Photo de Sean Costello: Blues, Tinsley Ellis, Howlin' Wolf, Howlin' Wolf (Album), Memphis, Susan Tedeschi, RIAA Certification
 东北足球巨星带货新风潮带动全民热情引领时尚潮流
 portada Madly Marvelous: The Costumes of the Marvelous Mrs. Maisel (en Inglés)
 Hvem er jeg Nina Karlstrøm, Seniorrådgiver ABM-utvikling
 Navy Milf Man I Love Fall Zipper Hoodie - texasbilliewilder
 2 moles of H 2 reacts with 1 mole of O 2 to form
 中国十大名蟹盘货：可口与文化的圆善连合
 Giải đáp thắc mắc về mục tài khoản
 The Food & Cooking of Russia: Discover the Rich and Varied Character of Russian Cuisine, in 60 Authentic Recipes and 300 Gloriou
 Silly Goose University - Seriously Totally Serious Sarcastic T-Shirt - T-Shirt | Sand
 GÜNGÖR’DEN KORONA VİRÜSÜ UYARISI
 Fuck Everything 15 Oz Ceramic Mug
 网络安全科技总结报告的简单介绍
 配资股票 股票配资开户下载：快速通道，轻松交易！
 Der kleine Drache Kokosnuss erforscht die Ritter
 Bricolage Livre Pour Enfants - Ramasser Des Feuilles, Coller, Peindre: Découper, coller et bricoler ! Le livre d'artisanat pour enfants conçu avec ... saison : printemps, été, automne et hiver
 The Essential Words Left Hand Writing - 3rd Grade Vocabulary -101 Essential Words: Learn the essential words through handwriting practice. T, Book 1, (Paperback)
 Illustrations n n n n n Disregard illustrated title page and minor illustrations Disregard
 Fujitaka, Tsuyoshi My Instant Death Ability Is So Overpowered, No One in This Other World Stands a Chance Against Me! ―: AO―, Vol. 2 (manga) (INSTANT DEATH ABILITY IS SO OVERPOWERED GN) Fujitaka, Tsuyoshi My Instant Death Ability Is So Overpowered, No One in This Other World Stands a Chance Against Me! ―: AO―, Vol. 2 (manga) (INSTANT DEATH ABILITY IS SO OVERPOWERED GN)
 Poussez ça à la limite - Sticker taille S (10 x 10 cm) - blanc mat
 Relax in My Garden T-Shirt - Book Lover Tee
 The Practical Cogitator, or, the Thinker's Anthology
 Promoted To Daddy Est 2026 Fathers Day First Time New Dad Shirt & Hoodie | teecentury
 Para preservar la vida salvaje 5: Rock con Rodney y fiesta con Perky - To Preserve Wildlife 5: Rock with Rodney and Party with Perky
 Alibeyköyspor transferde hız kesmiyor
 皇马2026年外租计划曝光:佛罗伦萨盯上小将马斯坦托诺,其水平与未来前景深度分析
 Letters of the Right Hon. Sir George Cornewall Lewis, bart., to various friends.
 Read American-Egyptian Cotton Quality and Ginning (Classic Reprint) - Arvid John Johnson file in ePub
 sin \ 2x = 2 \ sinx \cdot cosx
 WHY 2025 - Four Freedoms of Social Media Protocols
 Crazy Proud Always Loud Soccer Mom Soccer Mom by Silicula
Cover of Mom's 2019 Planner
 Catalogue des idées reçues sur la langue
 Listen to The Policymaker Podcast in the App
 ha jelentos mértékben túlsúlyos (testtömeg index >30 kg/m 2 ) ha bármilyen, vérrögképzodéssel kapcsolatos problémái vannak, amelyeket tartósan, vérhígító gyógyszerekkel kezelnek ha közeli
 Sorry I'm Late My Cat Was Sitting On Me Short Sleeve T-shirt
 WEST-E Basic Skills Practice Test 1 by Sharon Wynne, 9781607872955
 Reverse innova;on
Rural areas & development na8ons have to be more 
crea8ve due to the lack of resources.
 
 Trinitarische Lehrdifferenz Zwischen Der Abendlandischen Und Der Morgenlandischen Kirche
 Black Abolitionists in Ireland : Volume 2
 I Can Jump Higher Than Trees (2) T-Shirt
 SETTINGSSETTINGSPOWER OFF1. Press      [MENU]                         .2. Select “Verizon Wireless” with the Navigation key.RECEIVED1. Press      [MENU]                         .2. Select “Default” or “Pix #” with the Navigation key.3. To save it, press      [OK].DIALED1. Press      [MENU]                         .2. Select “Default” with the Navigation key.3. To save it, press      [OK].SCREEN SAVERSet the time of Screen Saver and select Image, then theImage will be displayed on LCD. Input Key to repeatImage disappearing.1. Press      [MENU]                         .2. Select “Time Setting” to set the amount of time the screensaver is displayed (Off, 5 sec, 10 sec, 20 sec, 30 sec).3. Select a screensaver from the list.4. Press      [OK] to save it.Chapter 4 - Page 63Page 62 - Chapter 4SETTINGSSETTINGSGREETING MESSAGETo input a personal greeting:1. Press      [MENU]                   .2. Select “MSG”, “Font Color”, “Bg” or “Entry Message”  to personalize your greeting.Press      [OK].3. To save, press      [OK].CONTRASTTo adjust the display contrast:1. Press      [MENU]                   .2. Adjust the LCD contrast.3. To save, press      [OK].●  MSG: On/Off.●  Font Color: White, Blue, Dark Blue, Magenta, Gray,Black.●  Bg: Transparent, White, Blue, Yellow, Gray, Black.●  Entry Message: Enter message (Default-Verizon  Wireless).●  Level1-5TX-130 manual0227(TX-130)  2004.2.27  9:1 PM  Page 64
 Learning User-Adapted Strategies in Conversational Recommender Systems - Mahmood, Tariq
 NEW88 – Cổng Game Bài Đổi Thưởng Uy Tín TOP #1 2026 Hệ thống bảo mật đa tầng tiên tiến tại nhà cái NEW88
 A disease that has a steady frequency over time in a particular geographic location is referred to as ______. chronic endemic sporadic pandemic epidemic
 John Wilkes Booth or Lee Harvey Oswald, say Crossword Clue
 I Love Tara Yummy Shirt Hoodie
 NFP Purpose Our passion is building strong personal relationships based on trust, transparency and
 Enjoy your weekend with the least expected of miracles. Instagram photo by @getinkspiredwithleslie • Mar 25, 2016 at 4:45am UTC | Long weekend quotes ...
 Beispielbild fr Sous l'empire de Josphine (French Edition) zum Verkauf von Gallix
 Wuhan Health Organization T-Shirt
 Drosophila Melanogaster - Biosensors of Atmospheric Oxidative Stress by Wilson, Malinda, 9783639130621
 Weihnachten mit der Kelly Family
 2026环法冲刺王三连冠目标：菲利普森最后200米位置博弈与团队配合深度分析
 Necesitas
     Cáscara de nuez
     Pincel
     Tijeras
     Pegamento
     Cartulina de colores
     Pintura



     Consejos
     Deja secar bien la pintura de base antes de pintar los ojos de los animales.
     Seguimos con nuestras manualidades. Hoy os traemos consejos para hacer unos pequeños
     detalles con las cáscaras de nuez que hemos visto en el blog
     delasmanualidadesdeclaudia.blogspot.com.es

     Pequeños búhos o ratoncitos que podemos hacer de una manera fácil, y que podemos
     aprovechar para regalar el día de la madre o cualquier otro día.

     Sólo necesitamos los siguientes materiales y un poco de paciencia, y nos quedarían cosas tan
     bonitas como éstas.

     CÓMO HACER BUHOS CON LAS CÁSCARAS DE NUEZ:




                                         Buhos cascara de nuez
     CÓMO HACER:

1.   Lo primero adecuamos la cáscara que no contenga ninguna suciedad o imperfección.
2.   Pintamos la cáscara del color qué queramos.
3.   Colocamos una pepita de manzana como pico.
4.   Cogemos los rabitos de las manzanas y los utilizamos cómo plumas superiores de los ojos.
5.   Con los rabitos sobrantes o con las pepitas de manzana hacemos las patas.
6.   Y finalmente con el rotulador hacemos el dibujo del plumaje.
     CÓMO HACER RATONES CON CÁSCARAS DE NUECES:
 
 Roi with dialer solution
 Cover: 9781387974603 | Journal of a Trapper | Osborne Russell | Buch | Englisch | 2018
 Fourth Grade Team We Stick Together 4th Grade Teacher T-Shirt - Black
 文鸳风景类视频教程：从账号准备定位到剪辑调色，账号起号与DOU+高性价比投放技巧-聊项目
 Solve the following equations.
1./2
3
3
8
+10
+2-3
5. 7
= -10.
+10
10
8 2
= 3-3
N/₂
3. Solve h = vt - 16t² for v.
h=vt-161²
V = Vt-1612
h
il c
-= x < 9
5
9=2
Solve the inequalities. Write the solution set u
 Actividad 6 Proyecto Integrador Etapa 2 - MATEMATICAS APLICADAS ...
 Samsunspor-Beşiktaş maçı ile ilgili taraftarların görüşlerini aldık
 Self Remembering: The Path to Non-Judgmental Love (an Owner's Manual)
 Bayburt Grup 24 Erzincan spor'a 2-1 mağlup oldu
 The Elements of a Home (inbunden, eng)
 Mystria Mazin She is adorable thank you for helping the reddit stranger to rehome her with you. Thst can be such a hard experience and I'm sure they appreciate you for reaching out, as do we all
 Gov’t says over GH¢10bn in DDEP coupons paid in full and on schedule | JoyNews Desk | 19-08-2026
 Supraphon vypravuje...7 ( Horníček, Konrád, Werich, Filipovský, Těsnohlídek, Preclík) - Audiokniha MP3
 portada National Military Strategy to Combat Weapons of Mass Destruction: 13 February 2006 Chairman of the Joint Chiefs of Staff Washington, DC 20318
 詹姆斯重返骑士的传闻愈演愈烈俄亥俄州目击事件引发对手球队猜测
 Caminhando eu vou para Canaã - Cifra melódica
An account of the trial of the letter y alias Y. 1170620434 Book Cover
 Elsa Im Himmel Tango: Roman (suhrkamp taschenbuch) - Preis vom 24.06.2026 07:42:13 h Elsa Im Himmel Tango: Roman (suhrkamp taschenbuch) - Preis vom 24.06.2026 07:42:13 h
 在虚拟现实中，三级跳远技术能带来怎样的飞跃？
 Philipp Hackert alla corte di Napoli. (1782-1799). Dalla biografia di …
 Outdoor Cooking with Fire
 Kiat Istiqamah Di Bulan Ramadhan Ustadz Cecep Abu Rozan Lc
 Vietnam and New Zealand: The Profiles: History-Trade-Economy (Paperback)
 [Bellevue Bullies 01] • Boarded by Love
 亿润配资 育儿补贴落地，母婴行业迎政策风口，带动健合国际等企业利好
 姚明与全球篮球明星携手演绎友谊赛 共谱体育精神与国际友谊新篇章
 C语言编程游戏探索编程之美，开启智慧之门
————————
Requirement:
Look above for the line with "portada National Military"; retype exactly that line, every line after it up to the line with "An account of", and that line too, nothing else.

Solution to this task:
 portada National Military Strategy to Combat Weapons of Mass Destruction: 13 February 2006 Chairman of the Joint Chiefs of Staff Washington, DC 20318
 詹姆斯重返骑士的传闻愈演愈烈俄亥俄州目击事件引发对手球队猜测
 Caminhando eu vou para Canaã - Cifra melódica
An account of the trial of the letter y alias Y. 1170620434 Book Cover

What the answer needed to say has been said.